O geólogo e pesquisador Dr. Alessandro Mollo, da Universidade de Genebra, anunciou resultados inéditos sobre a existência de um reservatório de magma de 6 mil km³ sob as colinas da Toscana, na Itália. O que aconteceu é que, após uma série de estudos e análises de ondas sísmicas, a equipe descobriu que o magma está localizado entre 8 e 15 quilômetros de profundidade e não produz sinais de atividade vulcânica imediata. O local é a região da Toscana, específicamente sob as colinas de Larderello e Monte Amiata, famosas por suas áreas geotérmicas. Quando? A data exata da descoberta não foi mencionada. Por que aconteceu é que as colinas da Toscana não exibem sinais de atividade vulcânica, e a equipe busca entender a natureza do reservatório e seus possíveis impactos. Por que é importante é que a descoberta pode influenciar o entendimento sobre recursos geotérmicos e vulcanologia.

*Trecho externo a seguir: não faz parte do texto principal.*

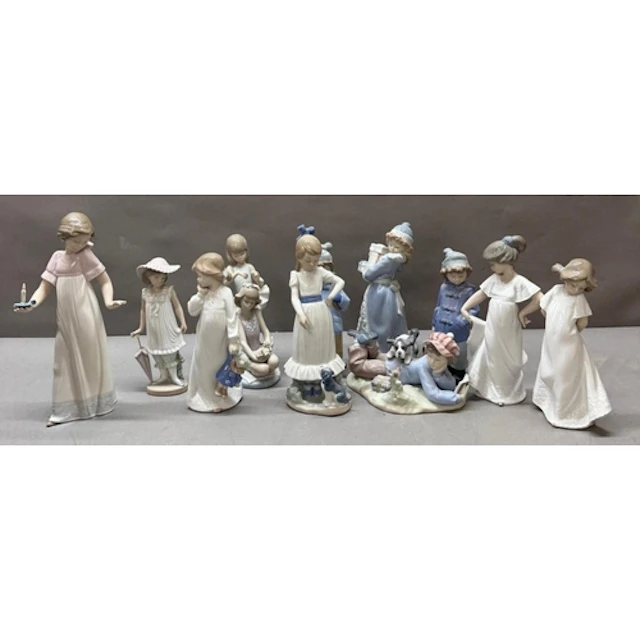 A selection of Lladro and NAO figures. Various styles and po...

O reservatório de magma não é um lago vazio preenchido por lava líquida, mas sim uma mistura heterogênea de rochas parcialmente fundidas, com zonas com diferentes proporções de cristais, rocha quente e material fundido. Essa arquitetura é comum em sistemas magmáticos de longa duração. As velocidades sísmicas más baixas aparecem sob áreas como Larderello, Radicondoli e Monte Amiata, o que ajuda a explicar por que a região possui fluxo de calor elevado e abriga uma das áreas de produção geotérmica mais antigas e importantes do mundo. Isso é especialmente relevante, pois a quantia de material quente é apenas um dos fatores necessários para uma erupção. O magma precisa ganhar pressão, abrir fraturas, subir e produzir sinais detectáveis na superfície. Atualmente, esses indícios não aparecem em uma sequência compatível com crise vulcânica na Toscana. A diferença entre um reservatório profundo e um sistema em agitação fica clara no conteúdo do Olhar Digital, canal com mais de 964 mil inscritos, que acompanha o monitoramento de Campi Flegrei, na Itália, e mostra quais sinais fazem os vulcanólogos elevar a atenção.

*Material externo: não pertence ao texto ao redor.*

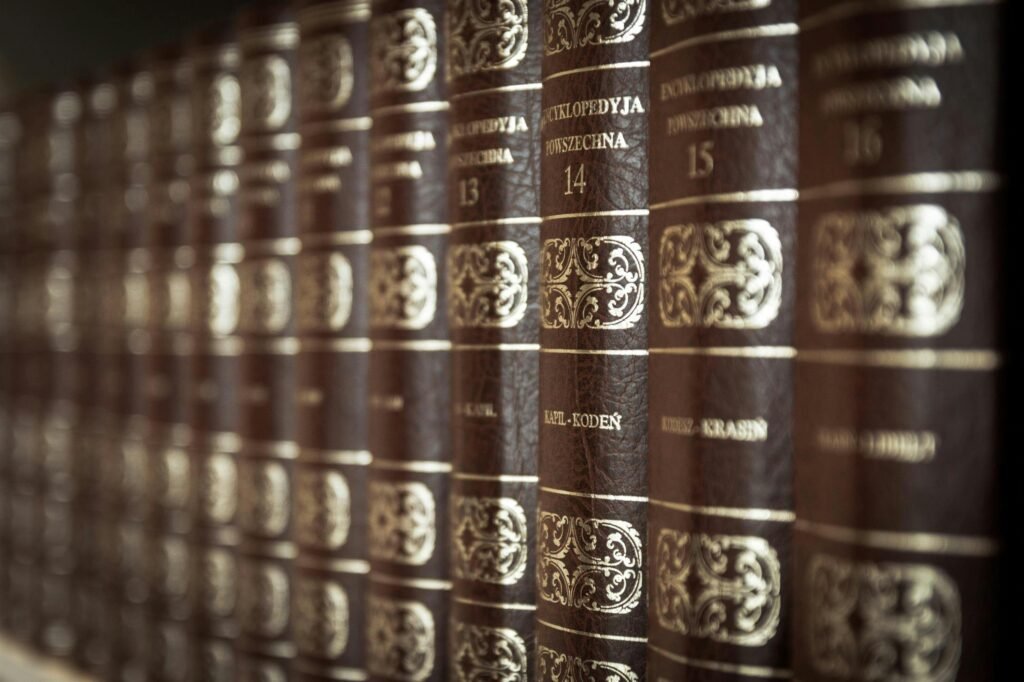 A close-up view of vintage encyclopedias on a library bookshelf, highlighting the ornate leather bindings.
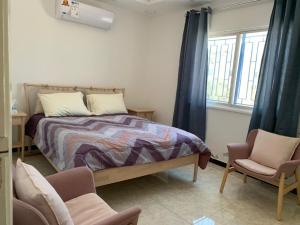 מיטה או מיטות בחדר ב-Gedara Guesthouse: enjoy unforgettable scenes
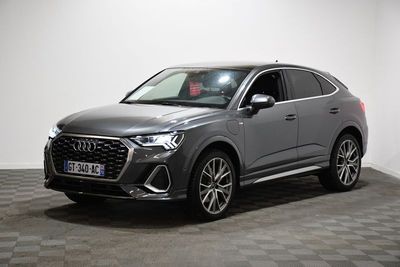 une Audi QX grise garée dans une pièce au sol carrelé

A geometria do sistema pode ampliar o conhecimento sobre recursos geotérmicos de alta entalpia, o que é especialmente relevante para a região da Toscana, conhecida por suas áreas geotérmicas. A equipe instalou uma rede de sismômetros e analisou o ruído natural que atravessa continuamente a crosta. Ondas geradas por oceanos, vento e atividade humana mudam de velocidade ao encontrar rochas quentes ou parcialmente fundidas. É importante notar que o reservatório não é um lago vazio preenchido por lava líquida, mas sim uma mistura heterogênea de rochas parcialmente fundidas, com zonas com diferentes proporções de cristais, rocha quente e material fundido. Essa arquitetura é comum em sistemas magmáticos de longa duração.

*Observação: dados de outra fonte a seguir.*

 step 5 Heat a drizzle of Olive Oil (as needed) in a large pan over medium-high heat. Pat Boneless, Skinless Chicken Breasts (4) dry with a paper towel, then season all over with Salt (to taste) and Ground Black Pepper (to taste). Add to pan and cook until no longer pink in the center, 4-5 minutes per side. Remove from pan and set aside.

A equipe reuniu dados significativos sobre a natureza do reservatório e seus possíveis impactos. O que importa é que a descoberta pode influenciar o entendimento sobre recursos geotérmicos e vulcanologia. A quantidade de material quente é apenas um dos fatores necessários para uma erupção. O magma precisa ganhar pressão, abrir fraturas, subir e produzir sinais detectáveis na superfície. Esses indícios não aparecem atualmente em uma sequência compatível com crise vulcânica na Toscana. A geometria do sistema pode ampliar o conhecimento sobre recursos geotérmicos de alta entalpia.